If genuine, new evidence would indicate that MtGox execs faked theft in order to make off with the “missing” coins.
Last month the Japan-based Bitcoin exchange MtGox filed for bankruptcy after losing $400 million in coins. How does one lose Bitcoins? CEO Mark Karpeles claimed that hackers had infiltrated the system and withdrawn them, transferring them to unknown accounts.
Depositors are furious, some of them accusing MtGox execs of faking the theft and making off with the money. Now they aren’t the only ones saying so. Hackers recently released personal files stolen from Mr. Karpeles allegedly indicating the MtGox still holds 950,000 coins. If true, this means that the company faked the theft in order to fatten their own pockets.
According to hackers: “It’s time that MTGOX got the bitcoin communities wrath instead of Bitcoin Community getting Goxed.”

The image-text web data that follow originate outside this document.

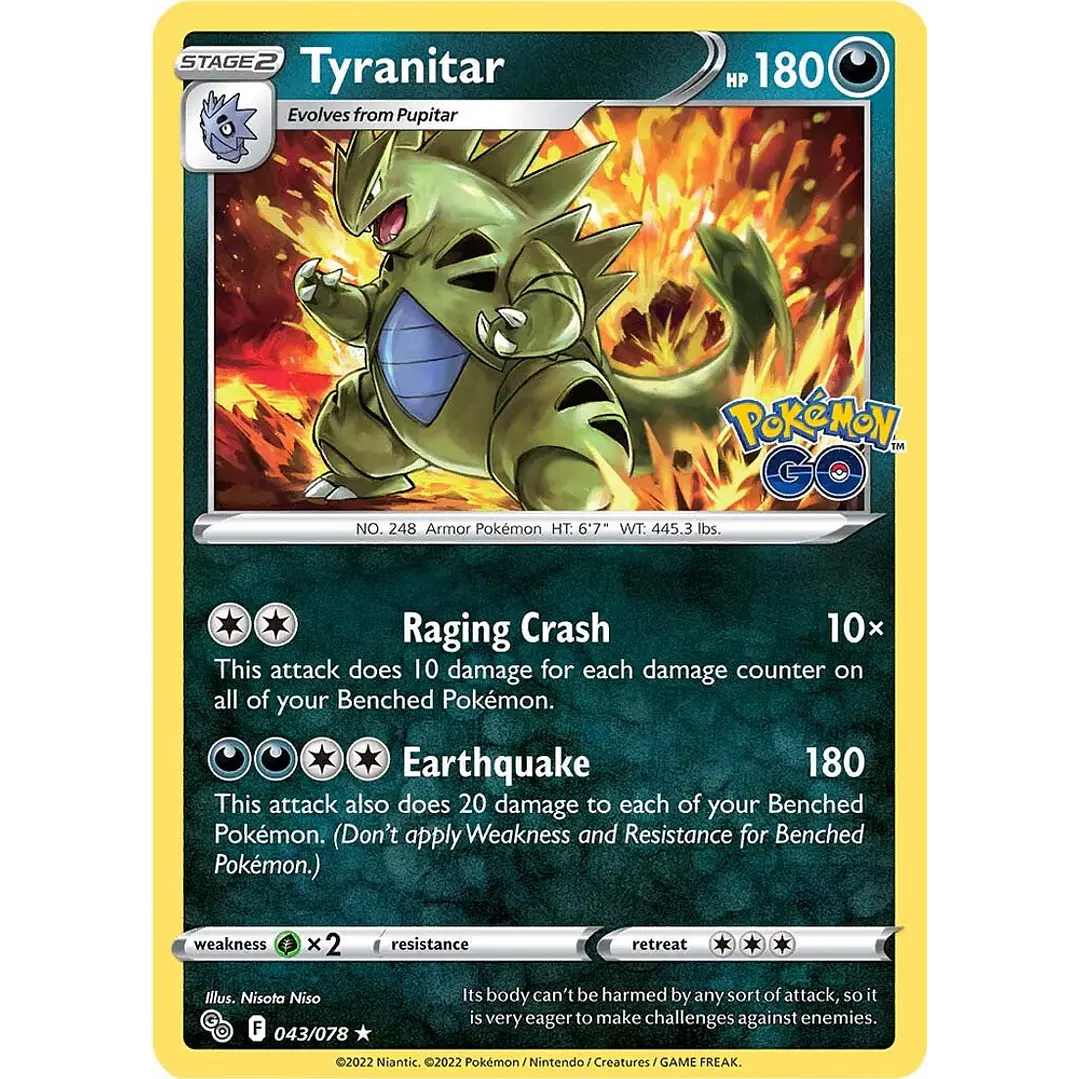TYRANITAR 043/078 POKEMON TEAM GO 1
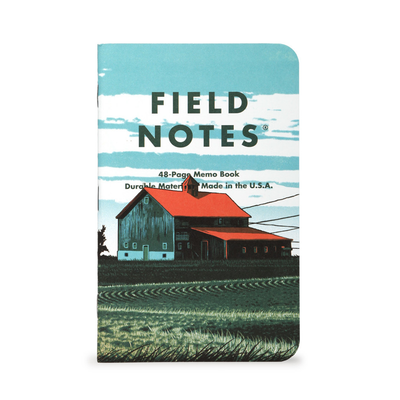 Carnets de notes Field Notes Heartland Grid, lot de 3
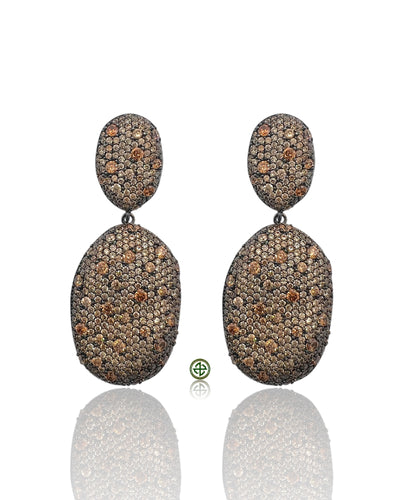 Champagne Pavé Drop Earrings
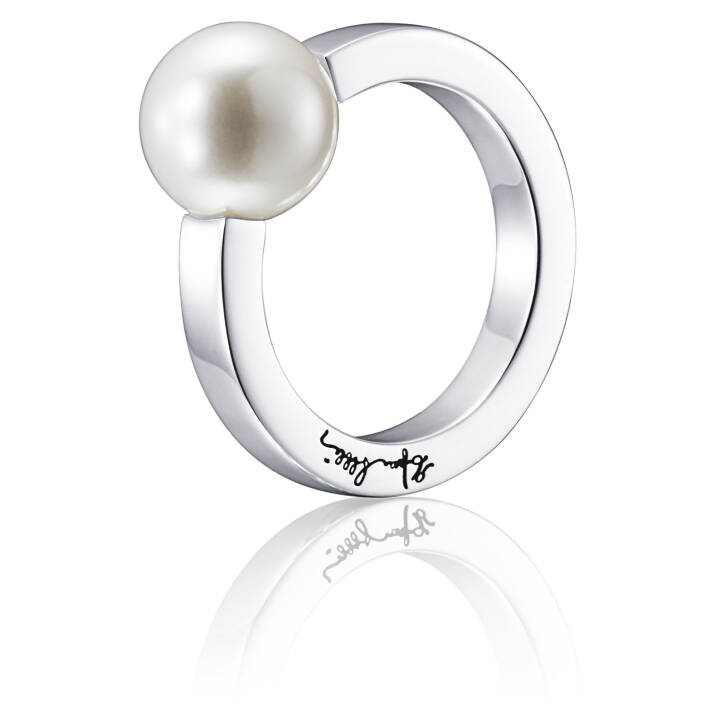 60's Pearl Ring Sølv i gruppen Ringe / Perleringe hos SCANDINAVIAN JEWELRY DESIGN (13-100-01185)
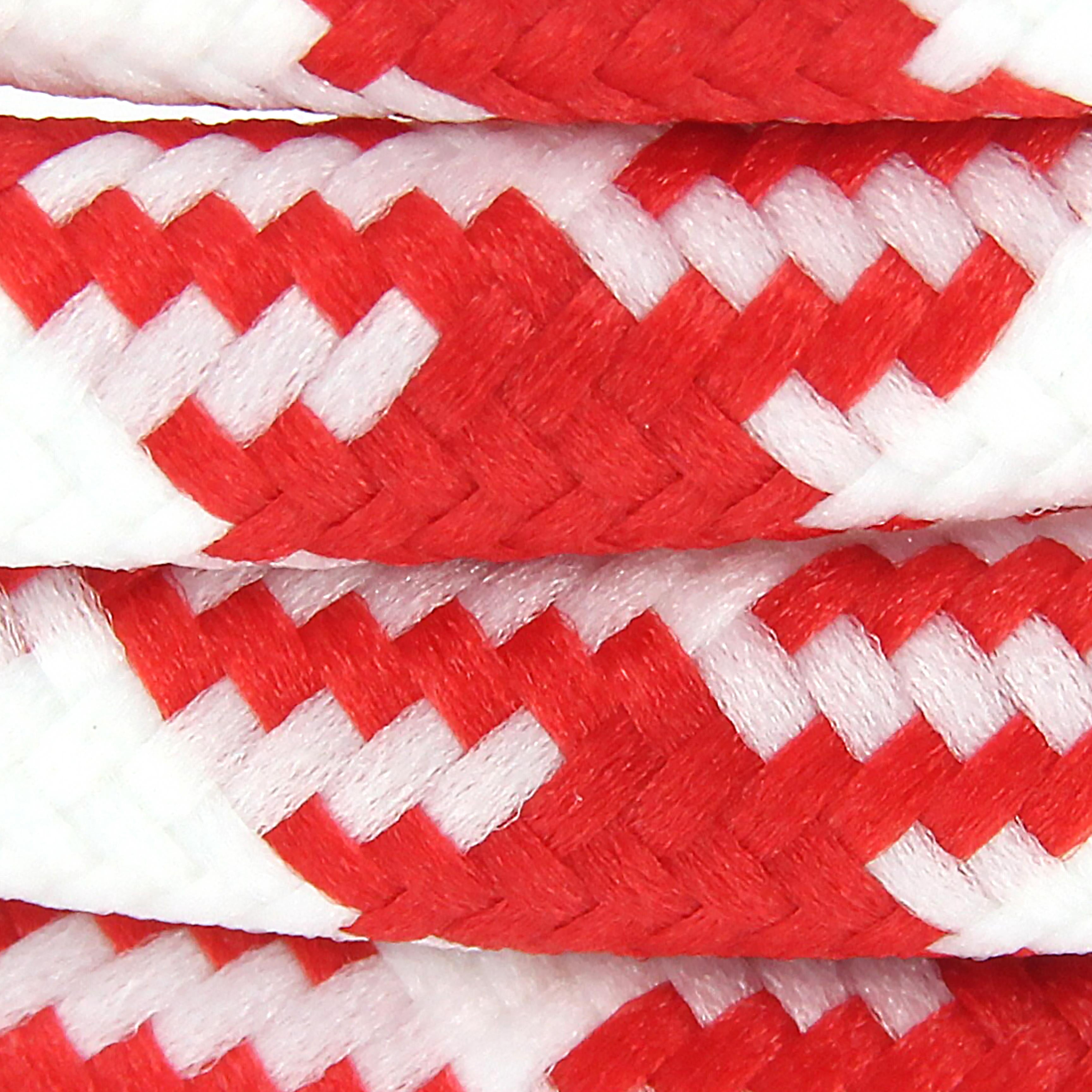 Silk fabric cable - 3 m - White/Red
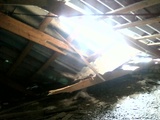 В Уфе во время ночной уборки снега рухнула крыша пятиэтажки (ВИДЕО)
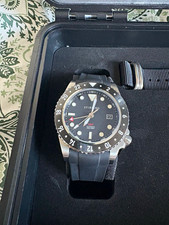 Stirling Timepieces GMT Automatic 200m Stainless Steel Black Dial Rubber Strap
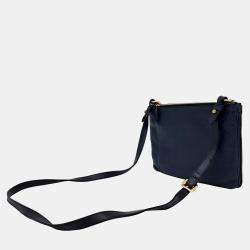 Prada Black Leather Vitello Phoenix crossbody Bag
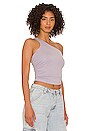 view 2 of 4 Adriana One Shoulder Top in Lavender
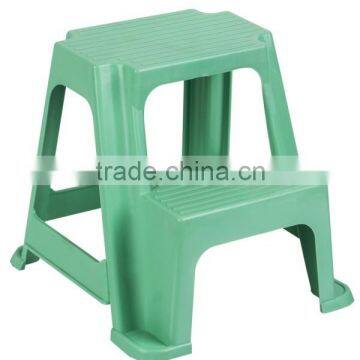 2-Step Plastic Stool With Non-Slip Step Treads, Double Step Stool photo-3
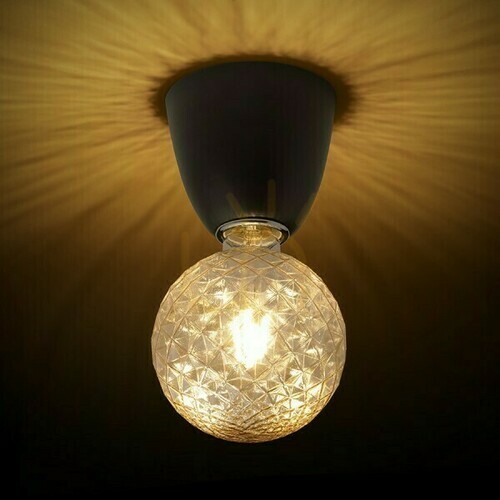 Prüfen Plafond Reach Ceiling Schwarz 230 V Led E27 11 W.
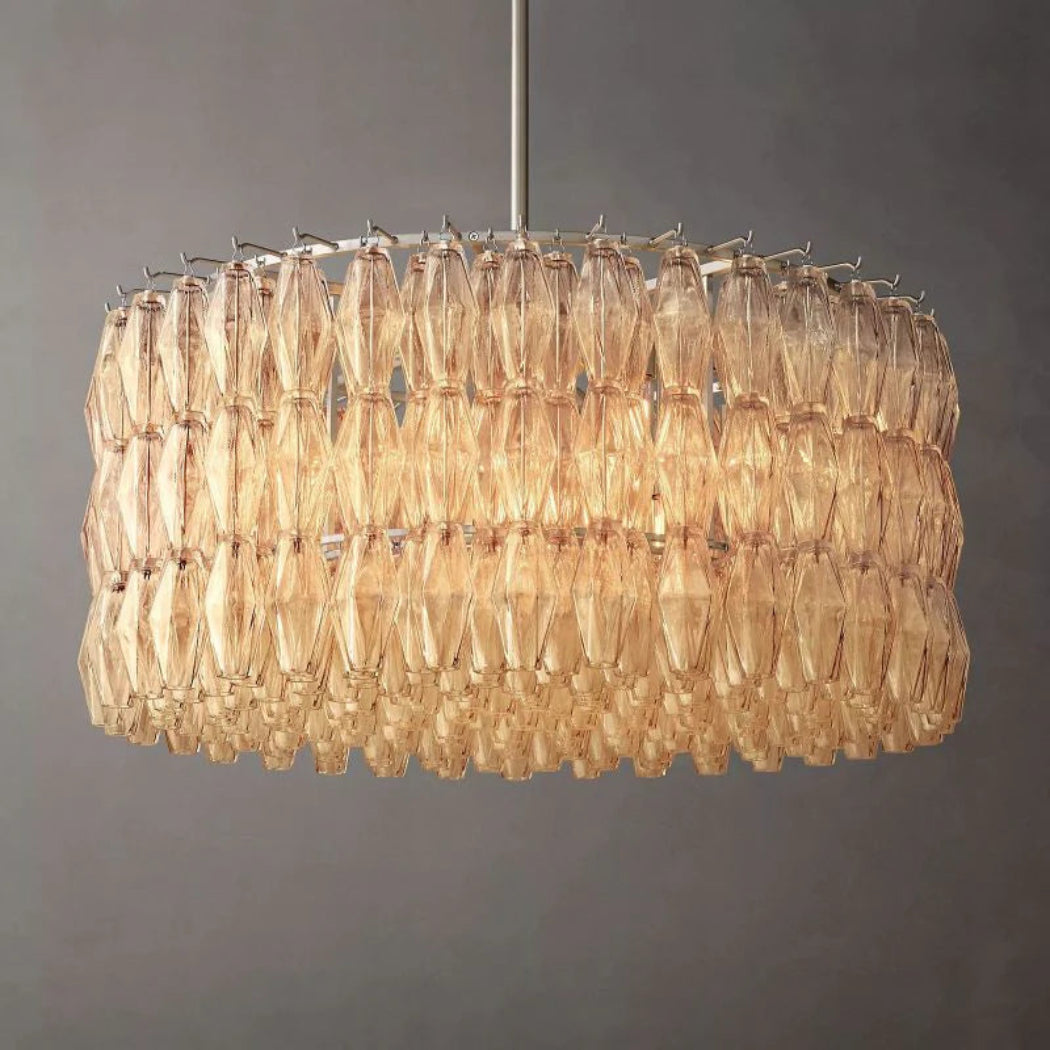 Chiare Glass Round Chandelier 37″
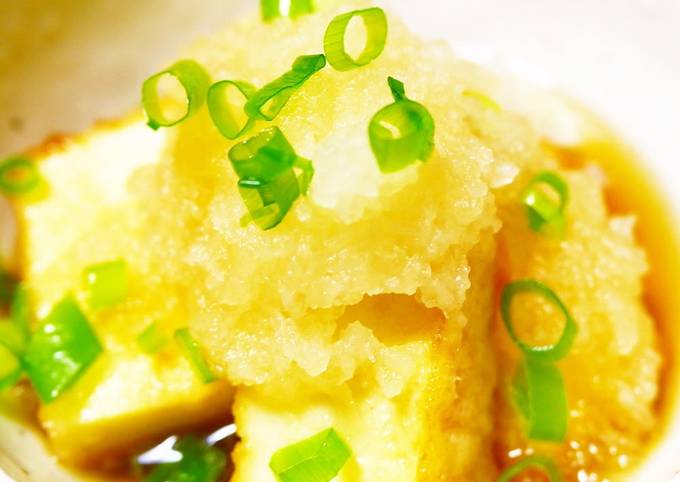Deep-Fried Tofu in Sauce with Atsuage Recipe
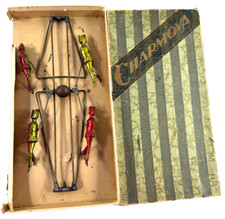 RARE Antique 1900's Circus Acrobat Clown Toy English German L K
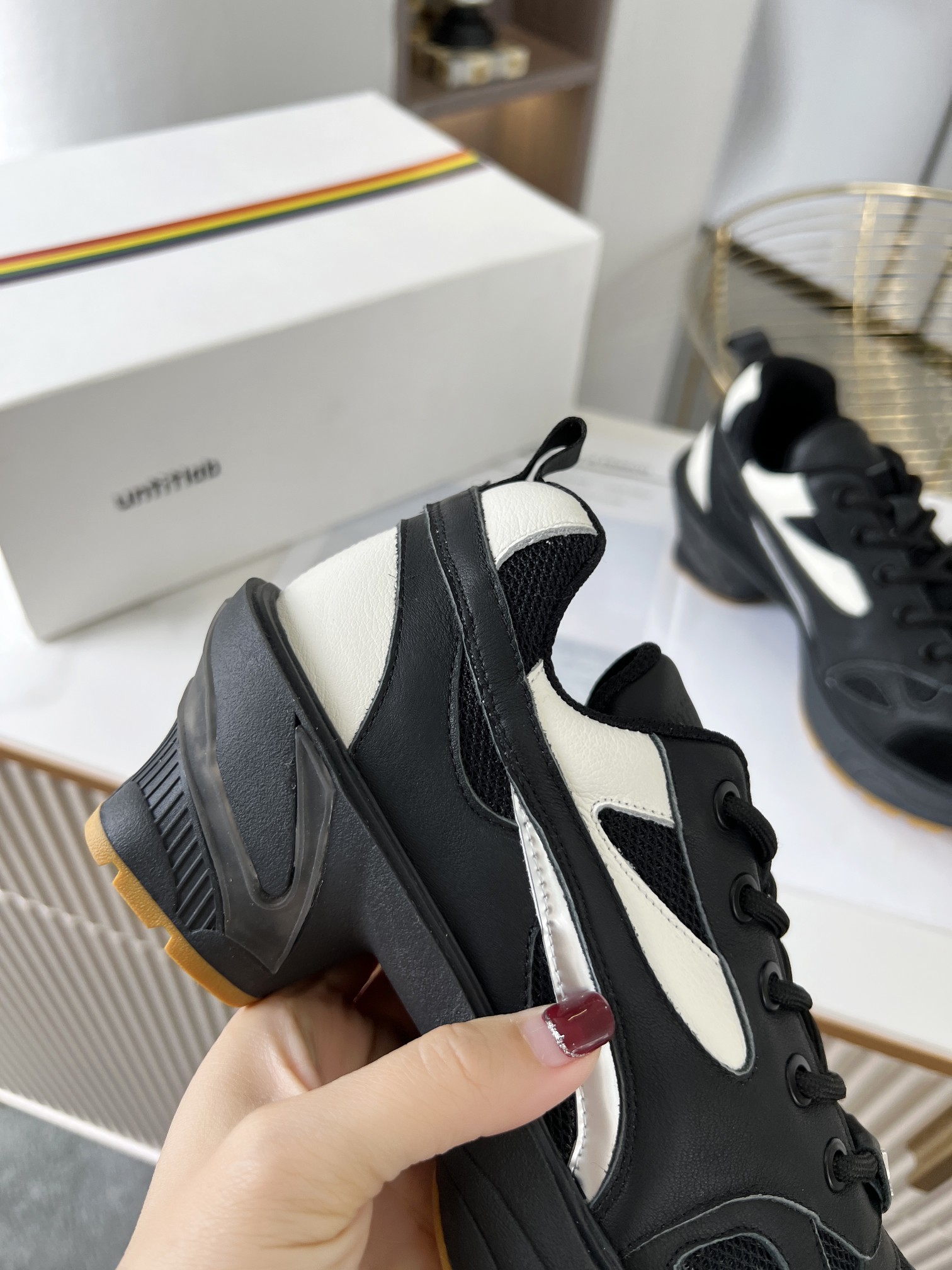 Untitlab 𝟐𝟎𝟐𝟐/𝐒𝐒 𝐧𝐞𝐰  Early spring capsule series of high-heeled sports sneakers sneakers can also be very fashionable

Bitcoin now prevalent iGaming industry
The virtual currency is now accepted by Zynga and online and mobile sportsbook Bet365. However, the MtGox scandal has called Bitcoin’s reliability into question. Many now distrust exchanges and the exchange value has fallen by 48 percent since December 2013. Business and academic leaders like Warren Buffet and Nouriel Roubini are convinced of Bitcoin’s imminent demise.
However, it is still accepted by companies like Overstock and Virgin Galactic as well as countless online and mobile casinos. The exchange rate has also recovered somewhat from last week. Despite problems, its looks like it will survive in the near future.